The Verification Budget
A user reviewing the output of an extraction tool has a finite verification budget: a limited amount of attention they’re willing to spend checking whether the extracted values are right. This budget is small and it’s spent fast. The first time a tool wastes it — sends the user to double-check a field that was obviously fine — they spend a little less next time. The first time it under-spends — lets a wrong value through unflagged — they learn they can’t rely on the tool’s judgment and start re-checking everything, which means the tool saved them nothing. The design problem isn’t accuracy in the abstract. It’s directing a scarce verification budget to the fields that actually need it.
Most tools spend the budget badly in one of two ways. The flat-trust tool presents every field with equal weight: a hundred values, no signal about which ones are solid and which are shaky. The user either trusts all of them (and gets burned by the few that are wrong) or checks all of them (and the tool has saved them nothing but typing). The flat-distrust tool flags everything as needing review — every field gets a warning icon, a “please verify” — which is the same as flagging nothing, because the user can’t tell the real risks from the noise. Both fail for the same reason: they don’t differentiate, and verification budget is only well spent when it’s differentiated.
Spending the budget well means concentrating the user’s attention where the risk actually is. A date in a standard position, in a clean machine-readable document, extracted with a clear citation — that should be presented as solid, requiring no review, because it is. A value pulled from a low-quality scan, or from a region of the document where the layout was ambiguous, or a field that required reconciling two conflicting mentions — that should be surfaced for review, prominently, with the specific reason it’s uncertain. The user’s attention goes to the five fields that might be wrong instead of being smeared evenly across the hundred that are mostly fine.

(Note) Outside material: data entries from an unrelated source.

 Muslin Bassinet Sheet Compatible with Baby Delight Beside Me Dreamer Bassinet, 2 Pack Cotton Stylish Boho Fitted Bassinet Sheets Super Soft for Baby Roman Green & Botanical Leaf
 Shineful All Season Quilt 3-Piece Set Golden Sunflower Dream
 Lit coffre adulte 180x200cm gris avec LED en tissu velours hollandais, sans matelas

The reason this is hard is that it requires the tool to have a calibrated internal sense of its own risk — not a fabricated confidence number, but a real signal grounded in things it can actually observe: source quality, layout ambiguity, whether a value required inference, whether two parts of the document disagreed. These are inspectable, defensible reasons. “Review this field because it came from a low-resolution region and the surrounding text was garbled” is something a user can act on. “Review this field, confidence 0.6” is not.

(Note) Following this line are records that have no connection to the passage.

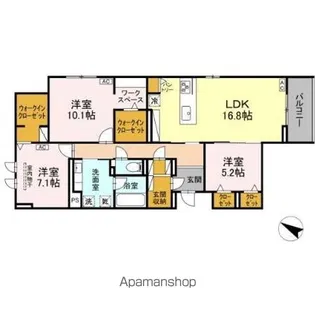 ラ・パージュ本山【201号室】の間取り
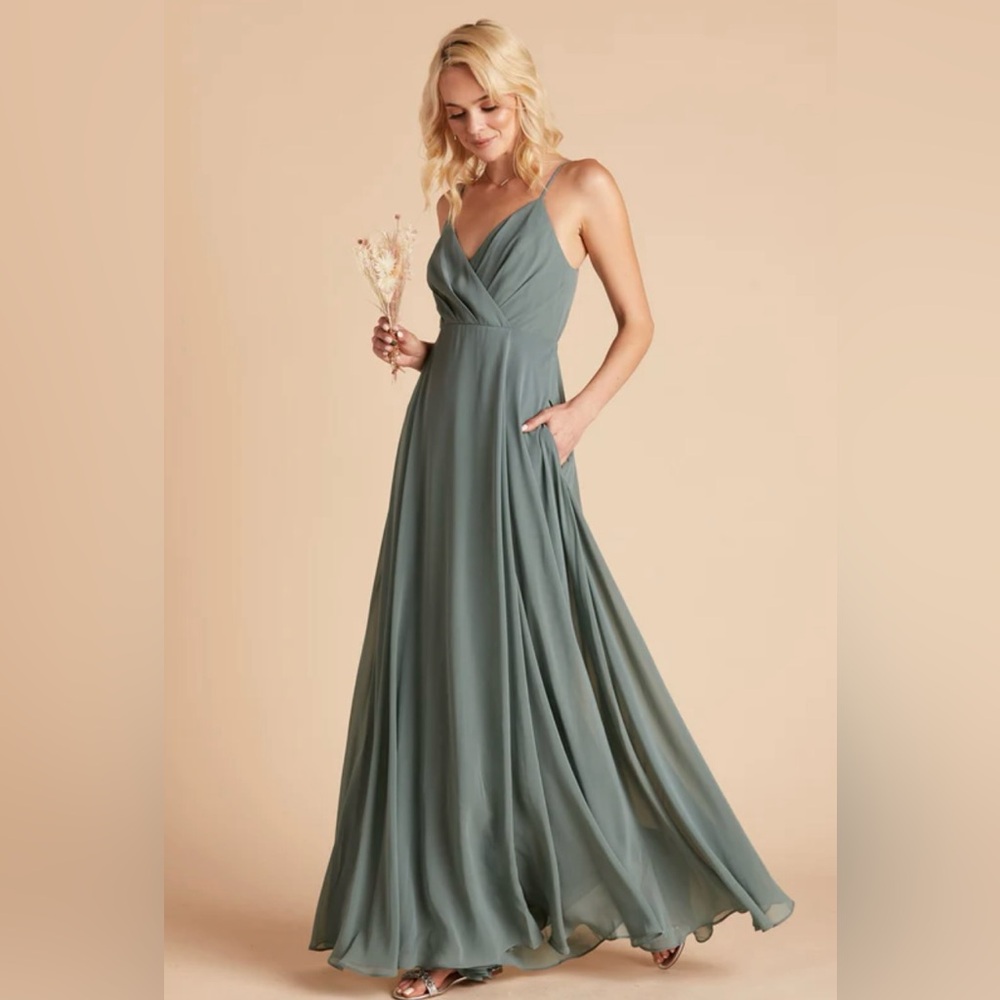 Women’s Birdy Grey, Kaia Chiffon Sage Bridesmaid Dress Size: Small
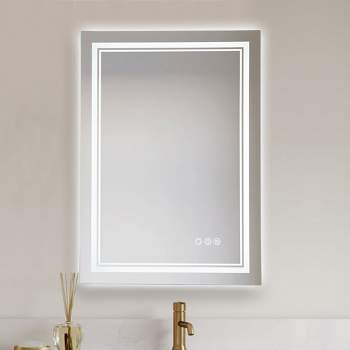 C Cattleya 19.75 in.Rectangular Frameless Anti-Fog Color Changing Dimmable LED Bathroom Vanity Mirror Light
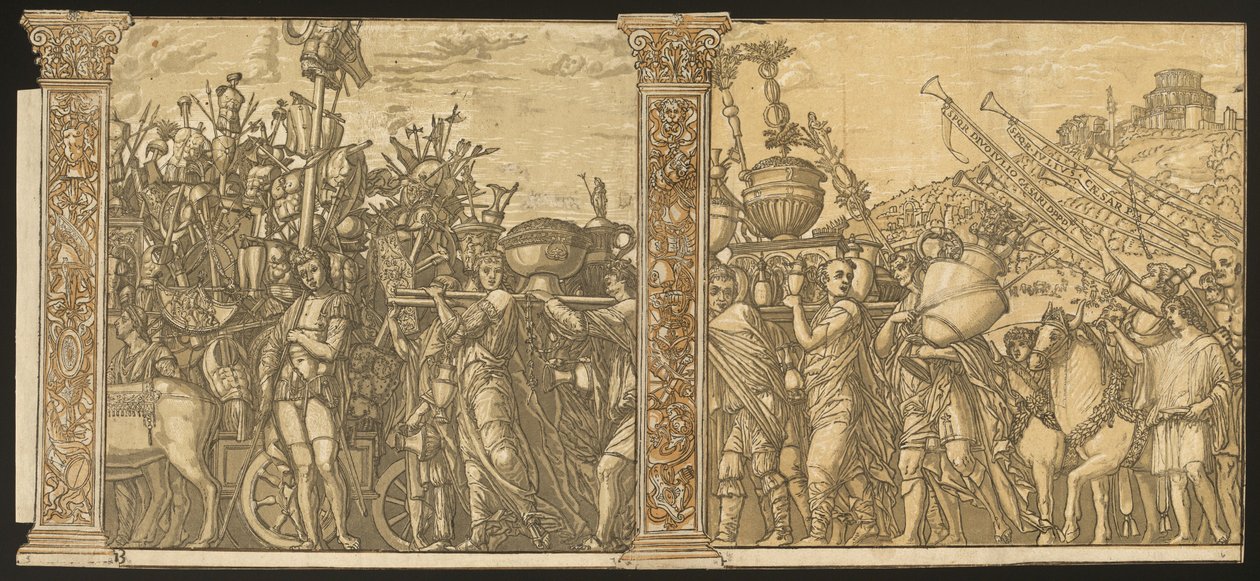 El Triunfo de Julio César [no.3 y 4 más 2 columnas], 1599 de Andrea Andreani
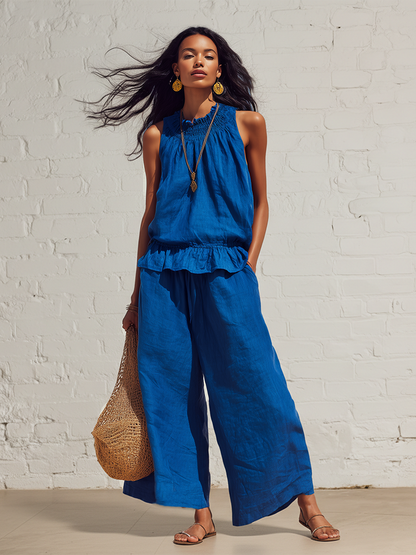 Urban Blue Cotton Linen Sleeveless Ruffled Top And Wide Leg Pants Set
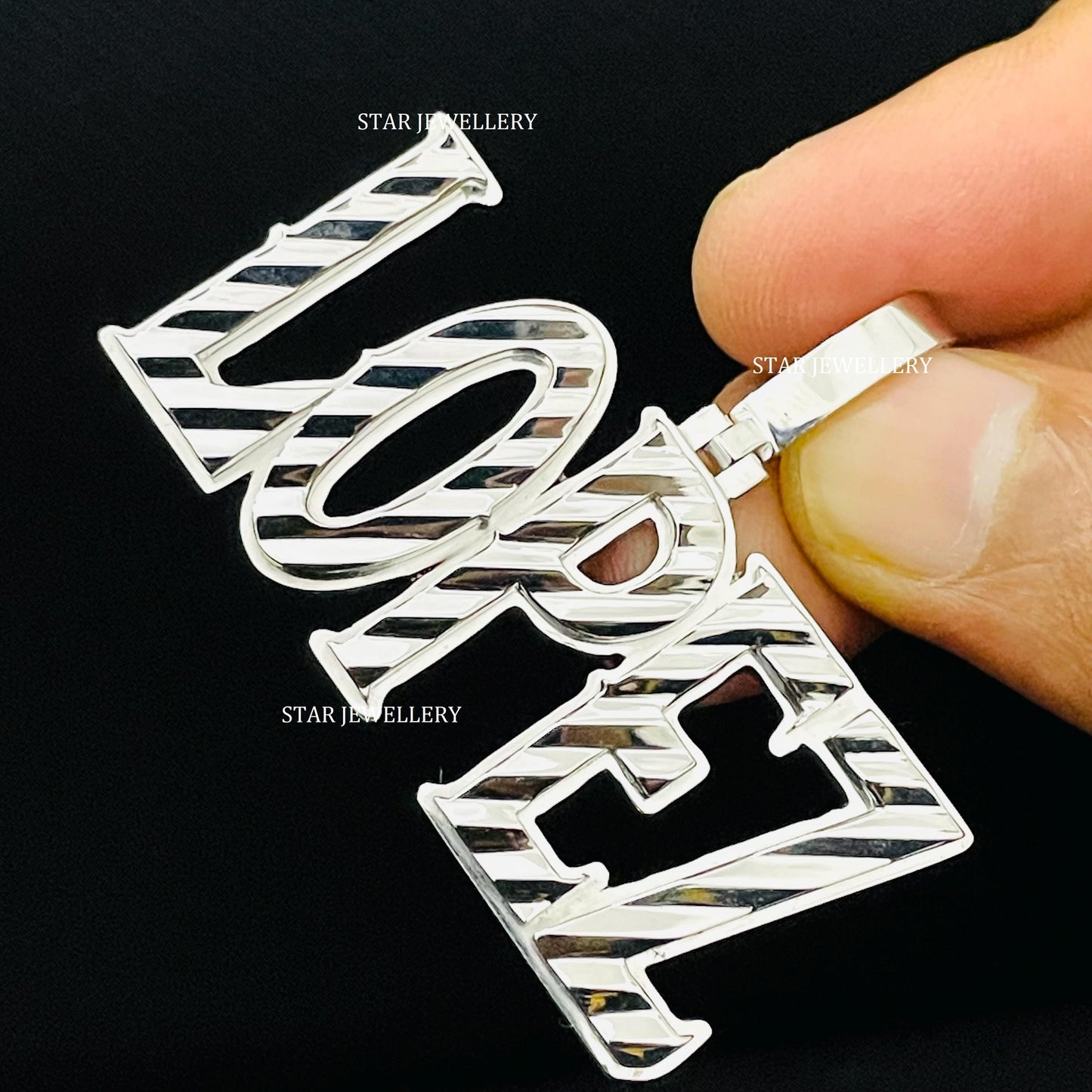 925 Sterling Silver Diamond Cut Custom Letter Pendant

The payoff is compounding trust. A tool that reliably tells the user where to look earns the right to be trusted everywhere else. Once a user learns that the unflagged fields are genuinely safe — because the few times something was risky, the tool said so, and was right — they stop re-checking the safe ones. That’s the entire value proposition of an extraction tool: not that it extracts, but that it lets the user stop verifying everything. You only get there by spending their verification budget as carefully as if it were your own.